Exercise: Beneath this instruction is a block of data; output from it exactly the lines that run from the one containing "The Race Of" through the one containing "Sural Nerve Block Figures", inclusive.

Input material:
########################################
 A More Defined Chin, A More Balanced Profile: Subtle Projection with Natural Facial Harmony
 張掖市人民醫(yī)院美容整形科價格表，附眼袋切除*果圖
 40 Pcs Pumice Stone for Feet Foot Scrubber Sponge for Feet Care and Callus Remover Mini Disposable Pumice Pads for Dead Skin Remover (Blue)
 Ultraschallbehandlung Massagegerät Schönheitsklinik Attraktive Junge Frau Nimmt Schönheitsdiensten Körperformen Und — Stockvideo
########################################
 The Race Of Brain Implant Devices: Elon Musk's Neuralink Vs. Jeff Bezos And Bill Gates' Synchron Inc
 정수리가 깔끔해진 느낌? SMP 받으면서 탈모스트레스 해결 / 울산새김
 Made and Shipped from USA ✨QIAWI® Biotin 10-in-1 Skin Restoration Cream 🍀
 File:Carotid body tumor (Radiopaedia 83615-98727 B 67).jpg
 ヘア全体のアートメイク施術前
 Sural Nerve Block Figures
########################################
Task output:
 The Race Of Brain Implant Devices: Elon Musk's Neuralink Vs. Jeff Bezos And Bill Gates' Synchron Inc
 정수리가 깔끔해진 느낌? SMP 받으면서 탈모스트레스 해결 / 울산새김
 Made and Shipped from USA ✨QIAWI® Biotin 10-in-1 Skin Restoration Cream 🍀
 File:Carotid body tumor (Radiopaedia 83615-98727 B 67).jpg
 ヘア全体のアートメイク施術前
 Sural Nerve Block Figures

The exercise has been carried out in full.